Environmental and hazardous chemical experts say that serious security problems also persist to varying degrees at chemical manufacturing centers in Texas, New Jersey, Delaware, Philadelphia and Baltimore.

Last July, a CSX train derailment and fire in a Baltimore tunnel paralyzed the city for five days while hydrochloric acid and other toxic chemicals contained in the tanker cars burned off or seeped into storm drains that flowed into the Inner Harbor.

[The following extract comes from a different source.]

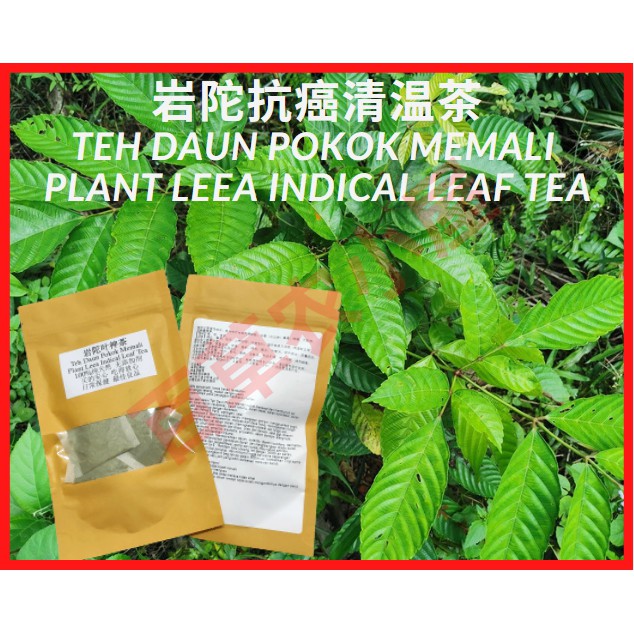 Buy 岩陀抗癌清温茶 10 Teabags Teh Daun Pokok Memali Plant Leea Indical Leaf Tea 清血 抗癌 抗菌 抵抗力 免疫力 清热解毒 解热 清血 止咳祛痰 增血小板 红血球 岩陀茶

Around Washington, the D.C. Water and Sewer Authority's Blue Plains Waste Water Treatment Plant houses one of the region's largest supplies of toxic chemicals, including liquid chlorine and sulfur dioxide. Since Sept. 11, Blue Plains plant operators have stepped up security and considered ways to disperse, shelter or eliminate the need to maintain a stockpile of chemicals.

Sen. Jon S. Corzine (D-N.J.) and Senate Environment and Public Works Committee Chairman James M. Jeffords (I-Vt.) introduced a bill last week that would order the EPA and the Justice Department to impose tough new regulations to guard against the threat of a terrorist attack at high-risk chemical facilities.